Personne ne se l’est jamais demandé. Surtout, personne ne le lui a jamais
demandé. Et il repart comme les autres, dans une sorte de mépris, sans qu’on
lui en demande plus, sans qu’il ait apporté le moindre élément qui pourrait
trahir ce qu’ils ont fait cette nuit-là, quand ils ont séquestré deux
personnes, qu’ils en ont torturé une, et qu’ils sont allés en chercher trois
autres pour les présenter comme les victimes d’une bande de ravisseurs. Où
sont-ils allés les chercher, ces trois-là, dont une enfant de onze ans ?
Par qui avaient-ils été enlevés et qui protège-t-on dans cette affaire ?
Je n’ai toujours pas le début d’une réponse.
    Mais tout de même, à mesure que le procès avance, Horacio me
reconfirme sa confiance. C’est vrai que rien de solide ne peut être retenu
contre moi. Les témoignages des personnes présentées comme mes victimes n’ont
pas paru très crédibles : elles se sont ouvertement contredites et
d’ailleurs, selon mon avocat, le droit mexicain dit qu’en cas de témoignages
contradictoires, force doit rester à la première version, considérée comme la
plus spontanée. Dans leur première version, ni Cristina ni son fils ne parlent
de moi. Au contraire : ils affirment ne jamais m’avoir vue ni entendue.

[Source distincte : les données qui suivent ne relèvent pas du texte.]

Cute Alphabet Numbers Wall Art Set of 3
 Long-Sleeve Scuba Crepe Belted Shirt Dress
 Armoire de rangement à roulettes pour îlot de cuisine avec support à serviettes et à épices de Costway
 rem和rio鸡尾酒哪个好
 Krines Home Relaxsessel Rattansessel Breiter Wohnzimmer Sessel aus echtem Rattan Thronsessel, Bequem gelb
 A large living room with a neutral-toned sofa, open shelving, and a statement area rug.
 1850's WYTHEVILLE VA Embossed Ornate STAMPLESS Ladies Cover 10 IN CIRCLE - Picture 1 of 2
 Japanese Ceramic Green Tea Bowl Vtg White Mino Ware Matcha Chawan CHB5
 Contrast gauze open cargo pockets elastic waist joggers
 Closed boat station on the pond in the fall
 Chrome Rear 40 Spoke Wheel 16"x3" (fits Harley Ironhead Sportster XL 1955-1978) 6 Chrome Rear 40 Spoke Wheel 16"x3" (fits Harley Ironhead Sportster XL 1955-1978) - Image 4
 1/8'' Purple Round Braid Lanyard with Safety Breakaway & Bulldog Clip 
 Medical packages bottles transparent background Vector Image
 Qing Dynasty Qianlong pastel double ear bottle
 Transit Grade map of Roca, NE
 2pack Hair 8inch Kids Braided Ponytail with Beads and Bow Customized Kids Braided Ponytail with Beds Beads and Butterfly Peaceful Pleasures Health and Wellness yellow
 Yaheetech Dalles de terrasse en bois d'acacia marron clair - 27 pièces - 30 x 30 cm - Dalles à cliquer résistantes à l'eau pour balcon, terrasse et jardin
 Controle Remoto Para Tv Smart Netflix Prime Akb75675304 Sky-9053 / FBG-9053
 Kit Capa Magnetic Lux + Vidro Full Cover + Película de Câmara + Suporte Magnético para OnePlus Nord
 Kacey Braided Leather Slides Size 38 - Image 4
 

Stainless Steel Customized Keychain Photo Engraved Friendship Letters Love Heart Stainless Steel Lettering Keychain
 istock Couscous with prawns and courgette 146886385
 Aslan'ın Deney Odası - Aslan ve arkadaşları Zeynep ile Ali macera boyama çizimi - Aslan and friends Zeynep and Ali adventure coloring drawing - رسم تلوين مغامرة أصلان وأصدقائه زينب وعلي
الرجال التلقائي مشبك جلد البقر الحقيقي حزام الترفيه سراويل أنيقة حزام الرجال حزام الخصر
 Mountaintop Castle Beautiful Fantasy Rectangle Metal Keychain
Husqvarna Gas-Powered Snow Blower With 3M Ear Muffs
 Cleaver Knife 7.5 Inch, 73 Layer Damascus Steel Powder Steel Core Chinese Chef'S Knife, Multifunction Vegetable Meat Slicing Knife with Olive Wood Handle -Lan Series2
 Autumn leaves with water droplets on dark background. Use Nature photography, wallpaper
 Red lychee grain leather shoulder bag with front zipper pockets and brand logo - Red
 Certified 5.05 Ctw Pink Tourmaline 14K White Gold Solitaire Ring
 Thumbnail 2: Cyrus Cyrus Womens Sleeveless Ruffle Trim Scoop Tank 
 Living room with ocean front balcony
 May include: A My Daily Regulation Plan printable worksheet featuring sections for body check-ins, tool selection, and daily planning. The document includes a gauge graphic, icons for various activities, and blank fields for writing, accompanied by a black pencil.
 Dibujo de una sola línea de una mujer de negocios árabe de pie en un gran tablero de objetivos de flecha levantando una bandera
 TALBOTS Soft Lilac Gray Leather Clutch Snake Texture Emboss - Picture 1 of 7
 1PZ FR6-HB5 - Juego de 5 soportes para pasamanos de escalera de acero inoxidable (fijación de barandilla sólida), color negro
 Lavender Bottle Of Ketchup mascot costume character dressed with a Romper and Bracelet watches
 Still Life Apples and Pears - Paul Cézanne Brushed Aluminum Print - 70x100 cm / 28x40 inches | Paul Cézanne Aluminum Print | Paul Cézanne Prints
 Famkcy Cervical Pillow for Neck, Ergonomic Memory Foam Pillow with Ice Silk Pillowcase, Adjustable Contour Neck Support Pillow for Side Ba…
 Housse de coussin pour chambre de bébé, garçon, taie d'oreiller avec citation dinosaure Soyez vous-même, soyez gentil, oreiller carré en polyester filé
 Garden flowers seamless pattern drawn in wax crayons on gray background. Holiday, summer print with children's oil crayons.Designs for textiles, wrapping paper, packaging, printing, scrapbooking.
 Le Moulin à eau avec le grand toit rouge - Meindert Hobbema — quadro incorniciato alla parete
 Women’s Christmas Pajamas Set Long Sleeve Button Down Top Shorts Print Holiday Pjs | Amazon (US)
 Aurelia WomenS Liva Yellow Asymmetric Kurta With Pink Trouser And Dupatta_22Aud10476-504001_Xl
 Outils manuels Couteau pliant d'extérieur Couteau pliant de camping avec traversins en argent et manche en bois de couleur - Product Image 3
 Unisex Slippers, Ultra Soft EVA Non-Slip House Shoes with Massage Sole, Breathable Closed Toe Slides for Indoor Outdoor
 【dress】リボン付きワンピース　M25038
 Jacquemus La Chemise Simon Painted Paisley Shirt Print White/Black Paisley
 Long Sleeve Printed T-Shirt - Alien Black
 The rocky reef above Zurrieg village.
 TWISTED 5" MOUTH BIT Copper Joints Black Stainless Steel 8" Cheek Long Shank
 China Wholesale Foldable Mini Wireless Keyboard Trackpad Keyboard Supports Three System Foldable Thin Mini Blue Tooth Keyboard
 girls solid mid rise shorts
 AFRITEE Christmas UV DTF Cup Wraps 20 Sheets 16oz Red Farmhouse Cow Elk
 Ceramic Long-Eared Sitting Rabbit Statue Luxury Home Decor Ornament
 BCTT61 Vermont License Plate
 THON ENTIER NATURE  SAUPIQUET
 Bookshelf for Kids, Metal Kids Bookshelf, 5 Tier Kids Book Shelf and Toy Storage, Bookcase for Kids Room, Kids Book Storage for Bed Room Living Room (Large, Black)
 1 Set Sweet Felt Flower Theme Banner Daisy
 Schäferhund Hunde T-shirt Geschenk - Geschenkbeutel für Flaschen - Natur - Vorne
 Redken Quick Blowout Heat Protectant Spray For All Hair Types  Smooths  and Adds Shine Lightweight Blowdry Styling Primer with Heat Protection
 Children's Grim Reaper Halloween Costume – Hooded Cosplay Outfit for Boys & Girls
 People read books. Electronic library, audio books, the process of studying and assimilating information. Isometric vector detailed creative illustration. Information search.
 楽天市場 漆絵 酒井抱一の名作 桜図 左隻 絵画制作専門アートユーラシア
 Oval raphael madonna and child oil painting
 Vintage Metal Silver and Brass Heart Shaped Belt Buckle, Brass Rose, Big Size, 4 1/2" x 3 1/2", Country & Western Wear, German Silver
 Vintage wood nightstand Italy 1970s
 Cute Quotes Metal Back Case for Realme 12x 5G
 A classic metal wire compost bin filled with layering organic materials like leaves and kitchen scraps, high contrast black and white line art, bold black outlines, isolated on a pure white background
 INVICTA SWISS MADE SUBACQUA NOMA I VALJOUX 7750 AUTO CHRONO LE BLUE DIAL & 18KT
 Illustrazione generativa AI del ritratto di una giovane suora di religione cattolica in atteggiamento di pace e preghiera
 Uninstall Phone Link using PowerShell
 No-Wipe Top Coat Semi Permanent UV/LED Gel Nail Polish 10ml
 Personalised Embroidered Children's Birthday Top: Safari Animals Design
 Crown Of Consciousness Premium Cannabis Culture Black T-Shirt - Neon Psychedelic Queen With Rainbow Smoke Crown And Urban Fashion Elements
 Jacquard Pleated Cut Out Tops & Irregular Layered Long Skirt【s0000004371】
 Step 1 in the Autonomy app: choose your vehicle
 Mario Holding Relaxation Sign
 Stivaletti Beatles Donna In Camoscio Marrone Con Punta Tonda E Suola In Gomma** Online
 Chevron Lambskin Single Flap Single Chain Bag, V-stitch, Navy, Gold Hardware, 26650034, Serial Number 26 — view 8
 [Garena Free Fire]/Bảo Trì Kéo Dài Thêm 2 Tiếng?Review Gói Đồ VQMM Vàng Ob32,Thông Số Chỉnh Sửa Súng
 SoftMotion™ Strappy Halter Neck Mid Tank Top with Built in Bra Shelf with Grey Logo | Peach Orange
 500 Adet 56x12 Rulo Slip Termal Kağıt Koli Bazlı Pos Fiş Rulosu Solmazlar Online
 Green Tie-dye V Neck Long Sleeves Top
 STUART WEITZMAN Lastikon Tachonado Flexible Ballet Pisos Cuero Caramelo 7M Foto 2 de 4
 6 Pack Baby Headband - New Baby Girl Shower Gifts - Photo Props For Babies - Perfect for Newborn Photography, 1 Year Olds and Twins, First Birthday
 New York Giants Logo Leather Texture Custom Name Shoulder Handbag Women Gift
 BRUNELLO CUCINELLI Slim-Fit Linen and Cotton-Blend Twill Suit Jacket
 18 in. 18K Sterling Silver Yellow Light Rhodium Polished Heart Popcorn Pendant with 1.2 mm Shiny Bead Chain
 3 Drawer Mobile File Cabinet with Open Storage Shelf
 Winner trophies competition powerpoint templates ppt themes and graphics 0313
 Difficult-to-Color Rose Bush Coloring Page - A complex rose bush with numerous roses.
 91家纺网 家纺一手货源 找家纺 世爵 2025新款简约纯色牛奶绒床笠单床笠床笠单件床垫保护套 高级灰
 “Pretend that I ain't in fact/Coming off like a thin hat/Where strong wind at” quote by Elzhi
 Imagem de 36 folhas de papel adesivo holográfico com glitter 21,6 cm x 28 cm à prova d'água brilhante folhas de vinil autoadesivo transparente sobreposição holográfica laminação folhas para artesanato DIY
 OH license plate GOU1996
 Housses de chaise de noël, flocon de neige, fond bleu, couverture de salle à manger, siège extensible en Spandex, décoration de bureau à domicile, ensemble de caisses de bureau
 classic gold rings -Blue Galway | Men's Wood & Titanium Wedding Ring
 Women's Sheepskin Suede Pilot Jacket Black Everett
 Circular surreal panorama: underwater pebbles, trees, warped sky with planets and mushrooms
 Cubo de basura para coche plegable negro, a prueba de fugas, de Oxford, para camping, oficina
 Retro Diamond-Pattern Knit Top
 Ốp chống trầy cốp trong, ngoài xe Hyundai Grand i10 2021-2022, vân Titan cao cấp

Alors, je tente de faire comme Horacio Garcia : j’essaie d’avoir
confiance.
    Et le procès continue.
    En ce moment il y a beaucoup de changements, à la prison de
Tepepan. Des filles avec lesquelles je m’entendais bien sont remises en liberté
ou transférées. Notamment celle qui m’avait tellement protégée, conseillée, qui
avait été là dans les moments où je lâchais prise. Elle s’en va et je me rends
alors compte que je suis seule ici. Je ne me l’étais encore jamais dit de cette
manière, justement parce qu’elle était là, avec son autorité presque
maternelle, résolument protectrice sans que je sache exactement pourquoi. Mais
c’était ainsi : j’avais à peine le temps d’éternuer qu’elle me tendait un
mouchoir !
    Ma deuxième période de dépression commence. En tout cas, je
perds à peu près dix kilos en quelques mois, alors que je n’étais déjà pas bien
grosse. Je vois les os de mes bras ressortir, je n’ai plus la force
d’entreprendre quoi que ce soit. En France, l’élection présidentielle est
remportée par Nicolas Sarkozy, mais cela ne me fait ni chaud ni froid. Je suis
si loin de tout cela. Si seule. Si désemparée.
    Je pourrais m’occuper pourtant, parce que le rythme des
audiences se ralentit progressivement. Il y a encore ce jour où viennent les
journalistes, dont on aurait pu attendre autre chose. Mais ils ont peur, aux
aussi. Pablo Reinah, journaliste vedette de Televisa qui a commenté les images
en direct le matin du 9 décembre, n’est pas là. Au contraire de son cameraman,
mais celui-ci ne dit rien. Il ne se souvient plus, se retranche derrière le
secret de ses sources.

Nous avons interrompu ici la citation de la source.